# GIVEN DATA
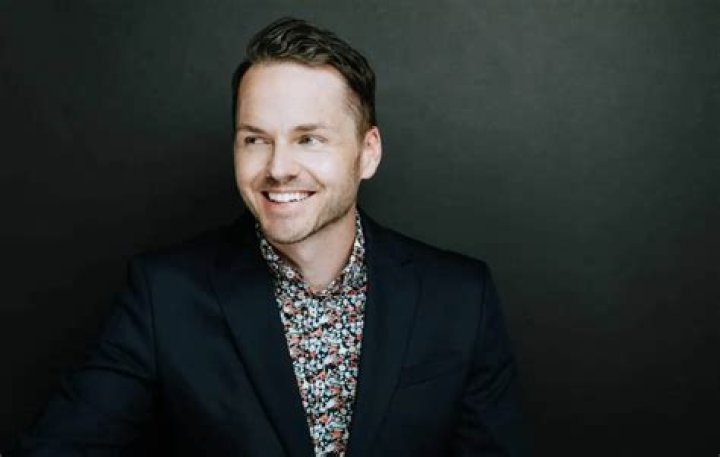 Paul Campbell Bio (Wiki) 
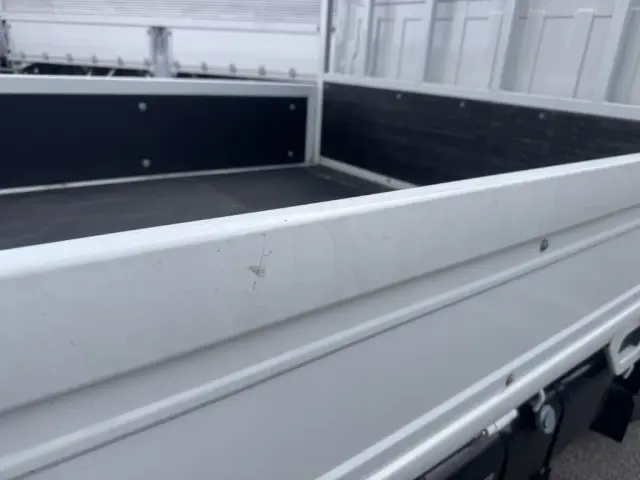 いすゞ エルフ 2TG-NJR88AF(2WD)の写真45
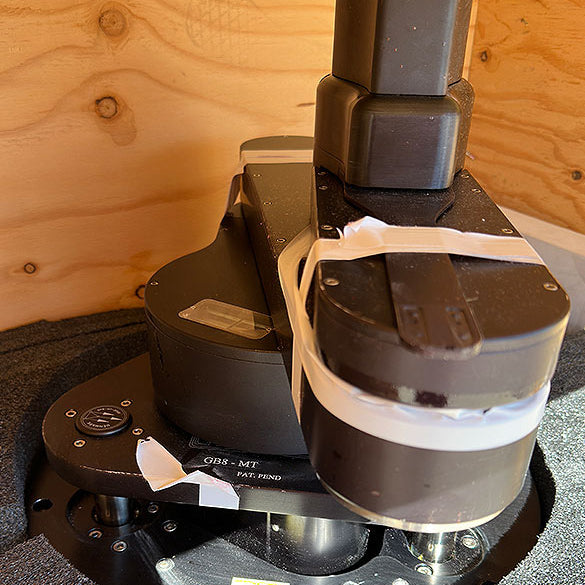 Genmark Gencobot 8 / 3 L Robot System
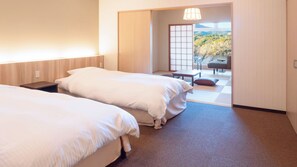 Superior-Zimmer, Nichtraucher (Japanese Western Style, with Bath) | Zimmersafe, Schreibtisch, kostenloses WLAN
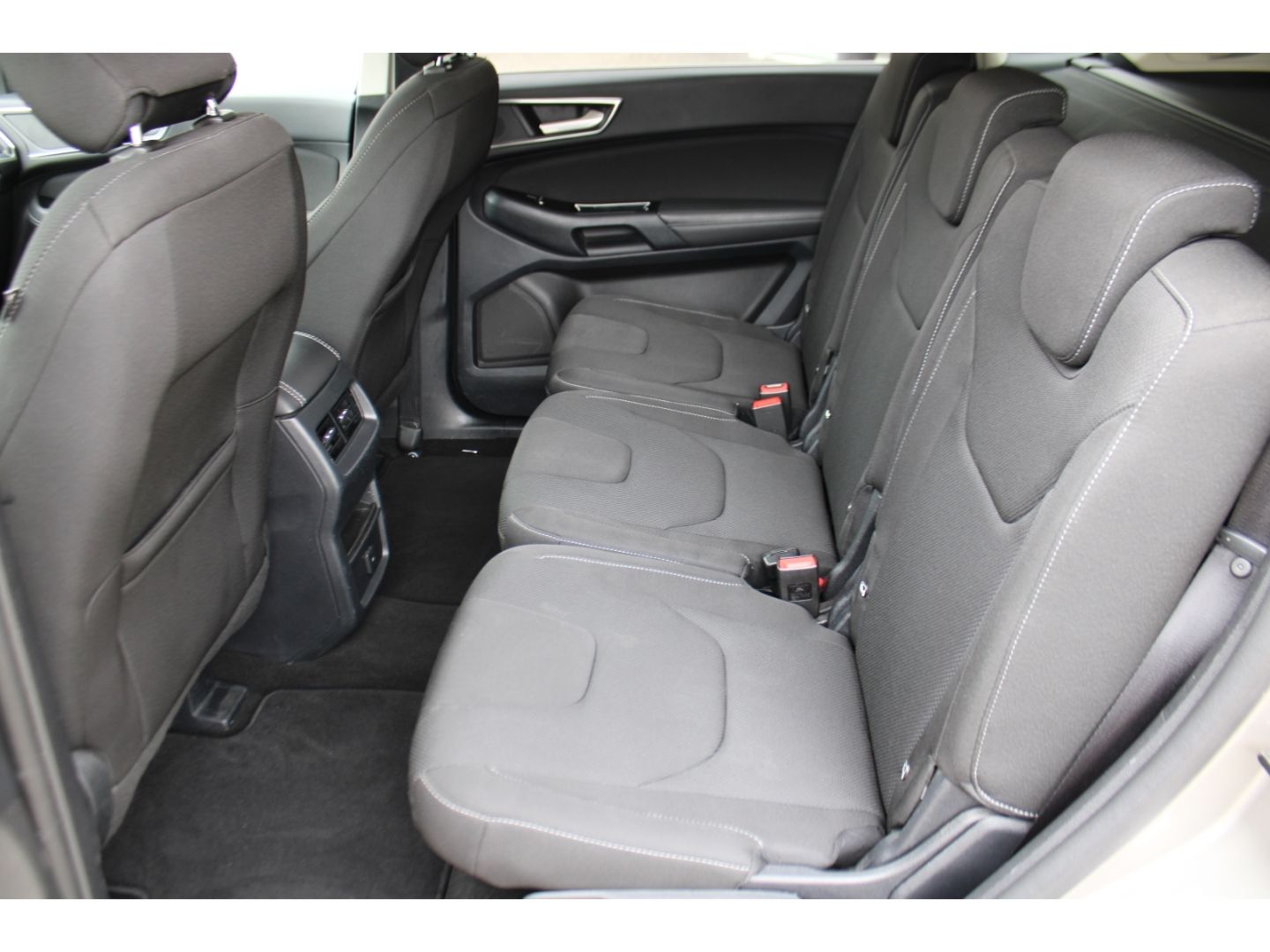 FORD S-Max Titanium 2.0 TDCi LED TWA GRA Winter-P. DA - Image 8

==

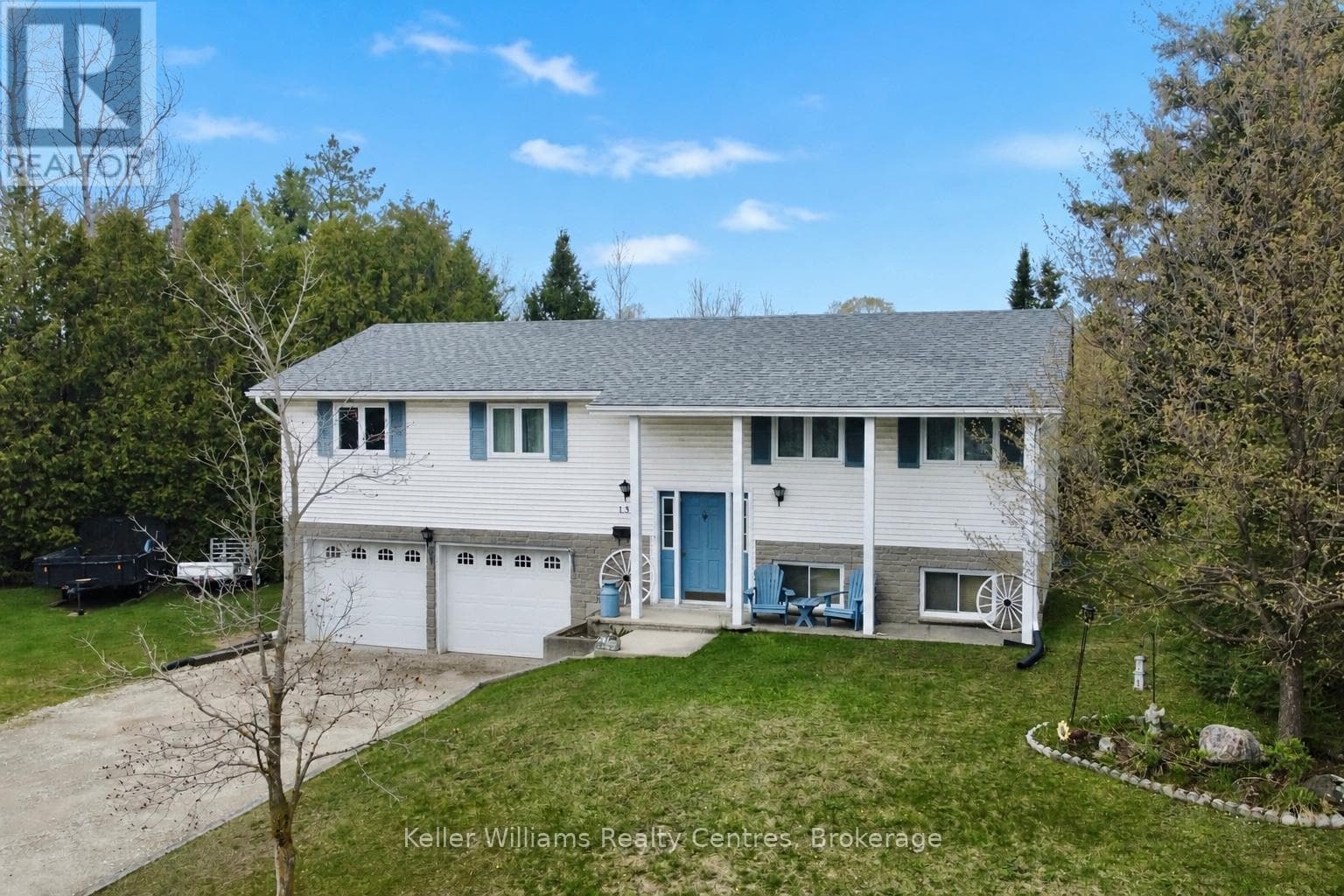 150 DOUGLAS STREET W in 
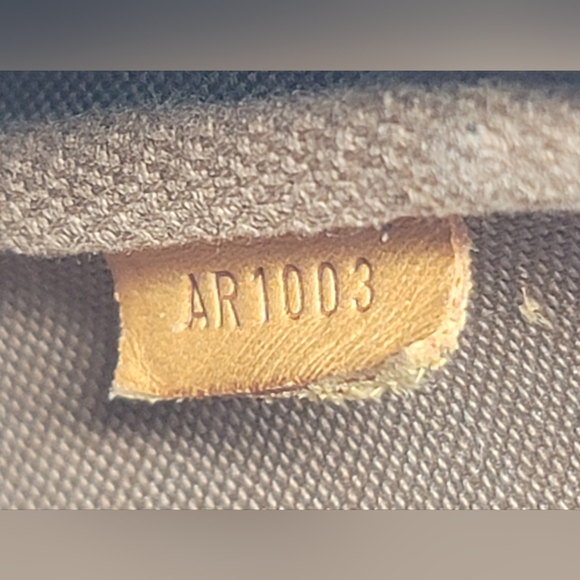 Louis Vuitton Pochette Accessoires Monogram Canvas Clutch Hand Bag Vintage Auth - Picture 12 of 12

# EXERCISE
Set down, exactly as written above, each line from the one with "Paul Campbell Bio (Wiki)" through the one with "FORD S-Max Titanium", and skip the pictures.

# EXERCISE OUTPUT
 Paul Campbell Bio (Wiki) 
 いすゞ エルフ 2TG-NJR88AF(2WD)の写真45
 Genmark Gencobot 8 / 3 L Robot System
 Superior-Zimmer, Nichtraucher (Japanese Western Style, with Bath) | Zimmersafe, Schreibtisch, kostenloses WLAN
 FORD S-Max Titanium 2.0 TDCi LED TWA GRA Winter-P. DA - Image 8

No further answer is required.